Hands-on with Wave: Weird and quite wonderful
Google just opened up to a limited audience its very interesting communications experiment called Wave (news stories). Our hands-on evaluation: there's a lot to like. It really is a more contemporary take on communications. But it will knock many e-mail users off-balance.
Even Wave's own Software Engineering Manager Lars Rasmussen told me, "It takes a little getting used to," and, "We're still learning how to use it." Imagine how everyone else will feel.
If you want to try Wave, you'll have to wait. Google is making access to the service available to some developers and press, but full availability will not be until "later this year," Google says. The version we tested was very raw, still in development. Many features were not implemented and the system threw us a few errors. But the framework and philosophy is clear to see, and that's what this evaluation is based on.
Getting started in Wave: It looks a lot like e-mail...
(Credit: Screenshot by Rafe Needleman/CNET)
What's Wave?
Wave is real-time e-mail. What that means is that when you're writing a reply to a message (or "wave") that you receive in the system, the recipient can see what you are typing as you type it. It will come as a relief to most that the real-time feature can be disabled if you click on the "draft" button (not working in my trial) while writing. But real-time visibility is the default.

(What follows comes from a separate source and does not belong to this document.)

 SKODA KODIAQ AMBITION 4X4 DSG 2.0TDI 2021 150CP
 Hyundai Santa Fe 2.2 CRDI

You can put your replies anywhere in the message. You can also do this in regular e-mail, but in Wave, your comments are easy to pick out since the app bounds reply text in colored boxes with authors' pictures embedded in them. Those of us who prefer to reply to e-mail messages at the end (or the beginning) and not piecemeal can just reply as usual. But when you want to write a surgical point-by-point reply to a message, Wave makes it easy.
You can drop pictures straight into Wave messages (a neat trick in a browser-based app, made possible by Google Gears), and smart assistants will let you convert addresses to maps, automatically fix spelling errors, and expand contact names.
But Wave is not e-mail. In this image, I am watching co-developers Lars and Jens Rasmussen type replies to my query. The teal tag shows that Jen is typing right now; Lars, who just finished typing above Jens, had his own, separate color.
(Credit: Screenshot by Rafe Needleman/CNET)But it's the reply-anywhere feature combined with the real-time function that's most interesting. It makes Wave the first useful blend of e-mail and instant messaging that I've seen. Unlike Google's previous attempt to meld the two communications modes into one app (Gmail has Google Talk in its sidebar), this one really works. An asynchronous e-mail conversation between two people can can stay that way, or it become real-time when both parties are online, and the dialog stays in place in the e-mail for later viewing. Switching between the e-mail and IM mode is seamless. In fact, the concept of the two different modes vanishes in Wave.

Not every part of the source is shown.